Young people who are heavy users of cannabis, amphetamines and alcohol risk having the ageing brains of 80-year-olds, increasing their risk of stroke and dementia, according to experts.
Researchers say there is growing evidence of brain damage, including premature ageing, memory problems and reduced intellect.
A New Zealand study this week pointed to reduced IQ in long-term cannabis users and a recent University of WA study suggests heavy drinking affects memory, not just of recent events but prospective or "future memory".
Royal Perth Hospital and UWA professor of emergency medicine Daniel Fatovich said brain scans of Perth amphetamine users, mostly aged in their 20s, had shown one in five had a lesion.
"Brain lesions are a part of normal ageing so if you're in your 80s, more than 90 per cent of people have the lesions, if you're in your 60s about 20 per cent of people have them, and if you're about 30 only 0.5 per cent will have them," he said.
"But in our study it was 17 per cent, which is obviously much higher than you would expect in that young age group.
"You see photos of people who've aged terribly after using amphetamines for a few years but we're forming the view that not only is it ageing you on the outside, it's ageing you on the inside."
Professor Fatovich said amphetamines appeared to affect the generation of new brain cells, either by stopping or impairing growth.
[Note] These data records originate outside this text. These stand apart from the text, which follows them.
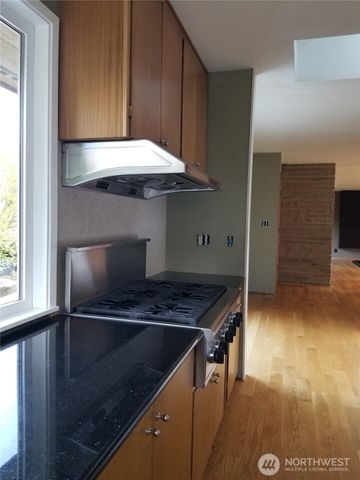 18427 91st Place W, Edmonds, WA 98026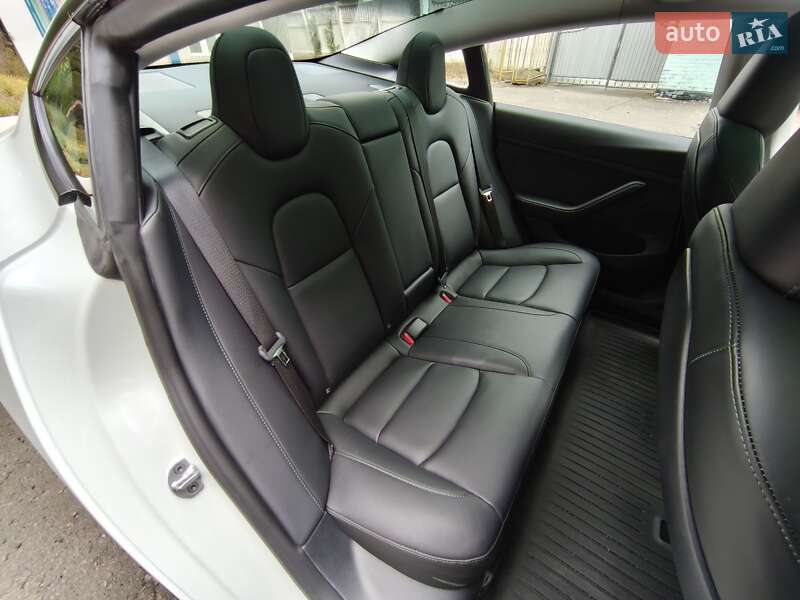 Седан Tesla Model 3 2023 в Теплику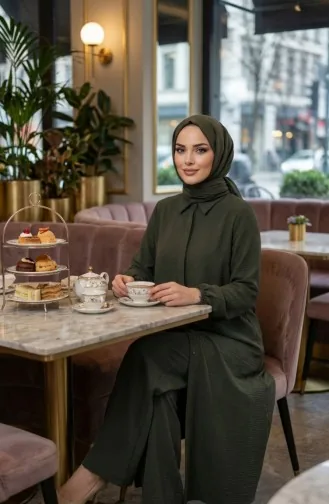 طقم من قطعتين من قماش أيروبين، يتكون من تونيك وبنطال، رقم الموديل 4142-06، لون أخضر داكن 4142-06
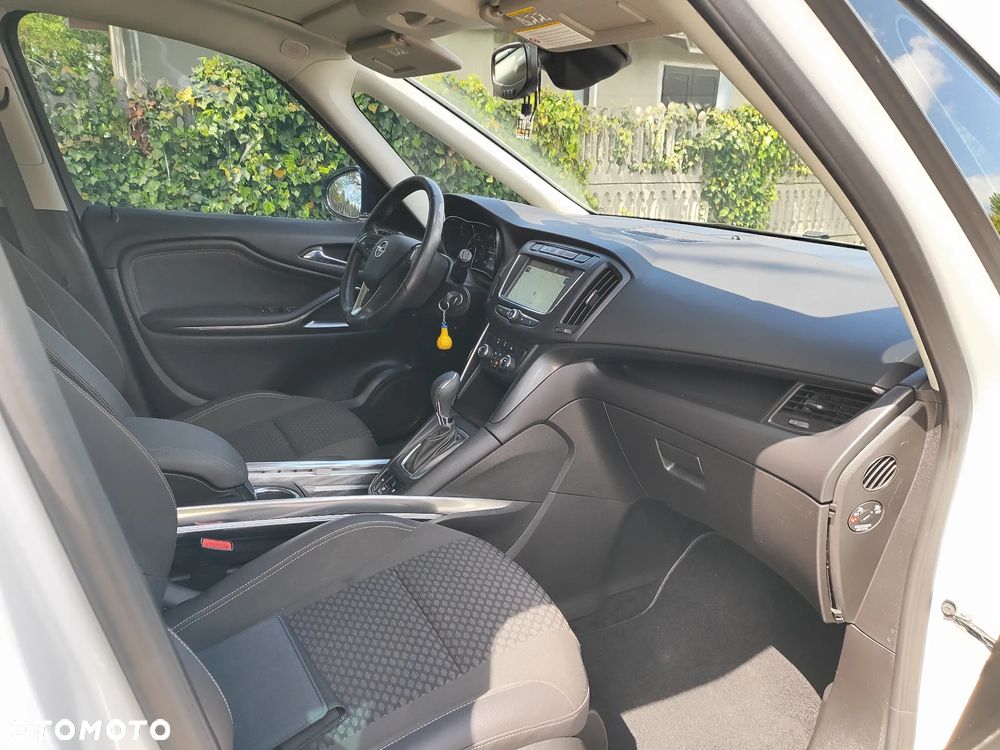 Opel Zafira Tourer 1.4 Turbo Automatik Business Edition - 13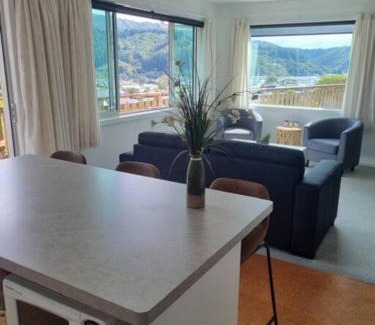 Picton Apartment | Sea-Renity Picton, Apt B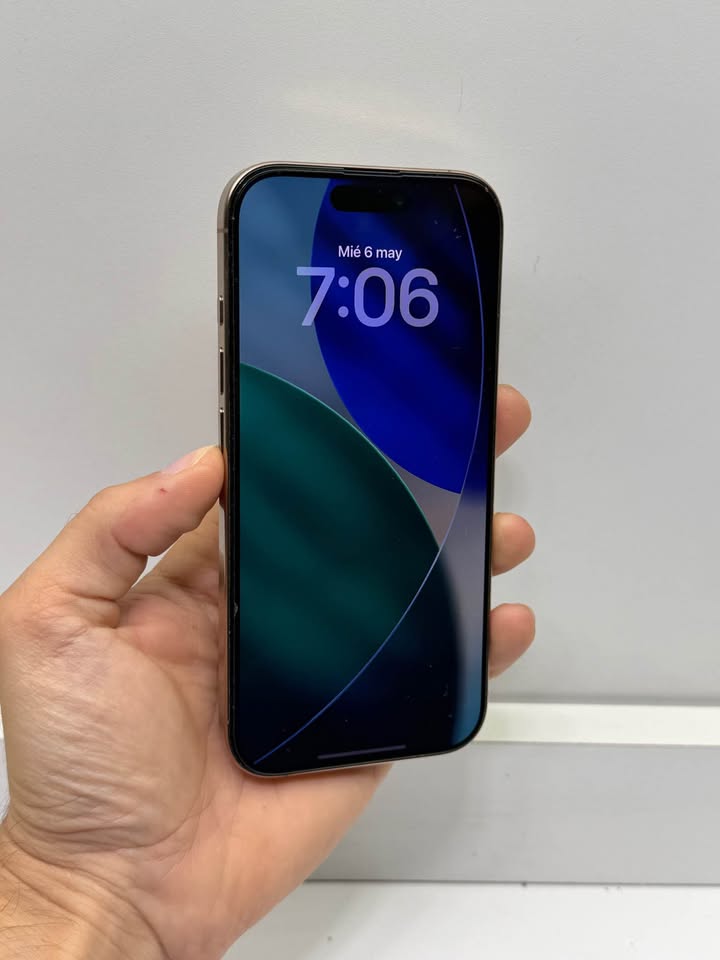 iPhone 16 pro 256gb esim 🍎📲 100% 🔋 único dueño un año de uso Cable y caja original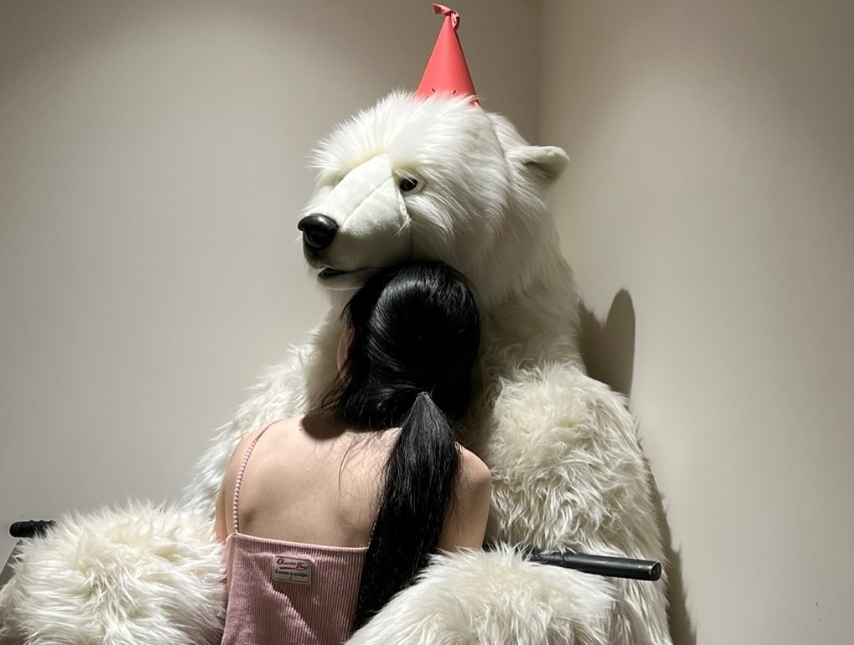 Chú gấu bông khổng lồ của Han So Hee.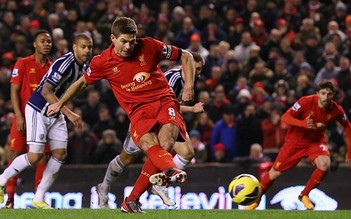 Steven Gerrard sút trượt penalty, Liverpool gục ngã tại Anfield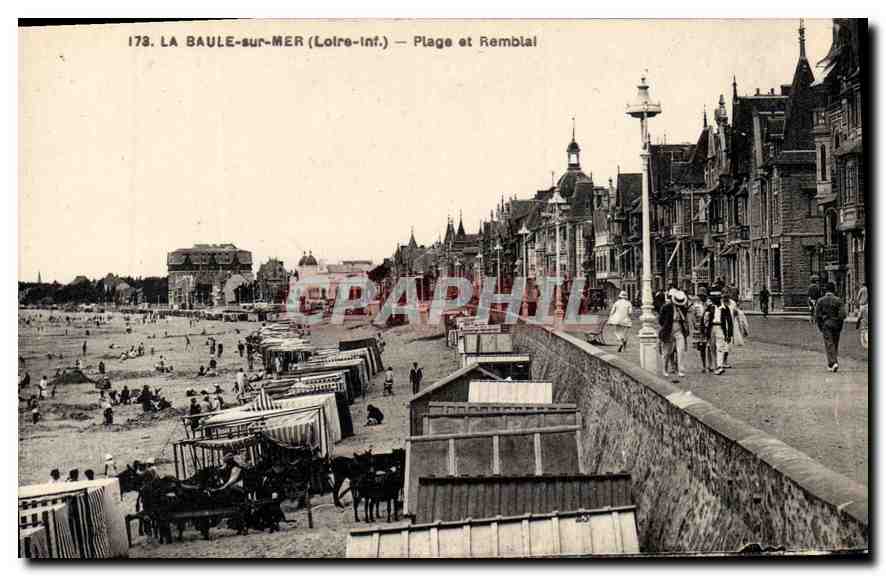 CPA La Baule sur Mer Loire Inf Plage et Remblai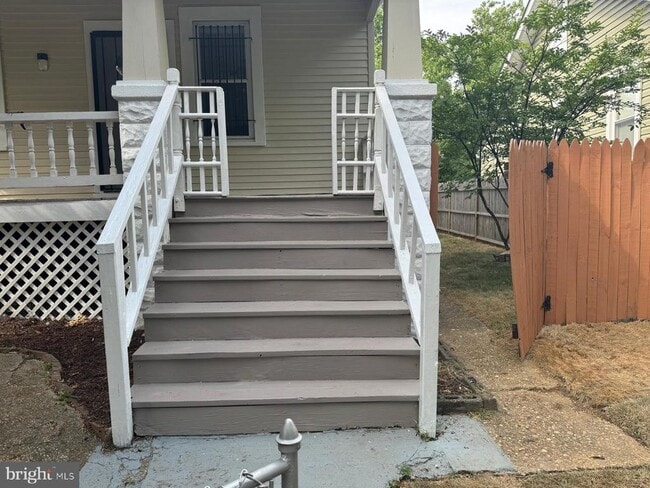 Building Photo - 3214 Otis St Rental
The brain's hippocampus, responsible for memory, was shown in studies to be smaller in amphetamine users. Heavy alcohol use appeared to have the same effect.
Alcohol and cannabis also impaired "pruning" which occurred in adolescence as millions of the brain's pathways were pared down to make it more efficient.
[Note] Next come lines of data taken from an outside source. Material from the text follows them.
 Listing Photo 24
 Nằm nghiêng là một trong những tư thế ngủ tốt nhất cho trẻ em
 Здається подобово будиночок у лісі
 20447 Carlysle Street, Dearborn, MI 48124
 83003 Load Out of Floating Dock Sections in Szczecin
"It's an evolving issue but the analogy I give is that most people have an elderly grandparent and they're living and walking and talking, but for many of them they're not quite as sharp as they used to be," Professor Fatovich said.
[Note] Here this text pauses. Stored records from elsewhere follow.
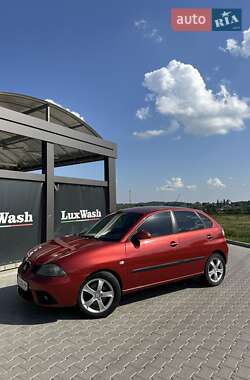 Хэтчбек SEAT Ibiza 2008 в Шумске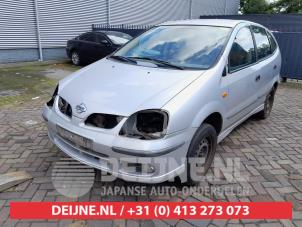 Nissan Almera Tino 01-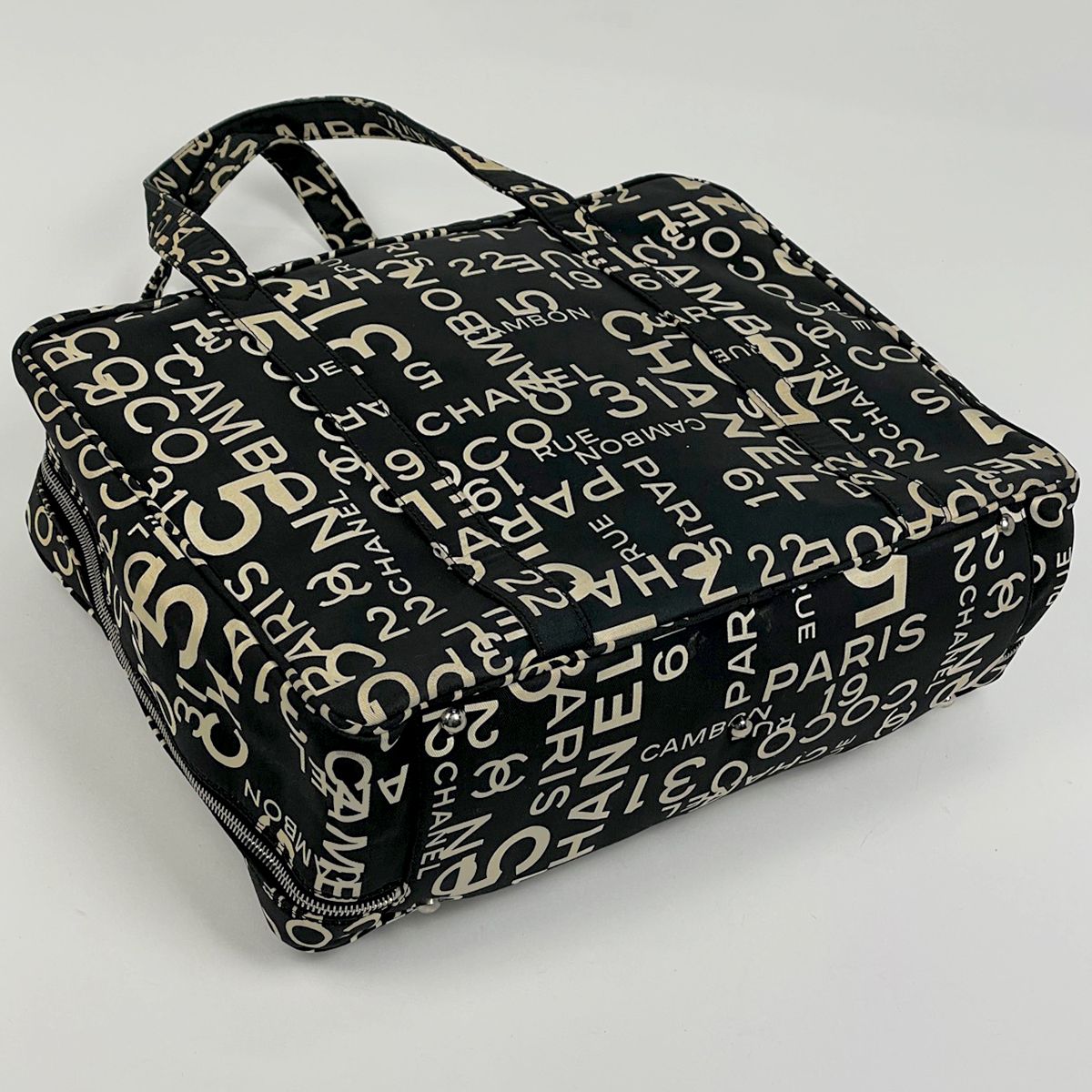 Chanel Tote Canvas Black White — view 2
"But maybe for people using these substances you're pushing that forward to a much younger age."
Professor Steve Allsop, of the National Drug Research Institute, said brain research was in its early stages but it suggested drug use had potential long-term effects.
"It impairs your performance now and the evidence is telling us there may be brain changes which affect you for life," he said.
Some effects were subtle - "like getting a C+ instead of a B+".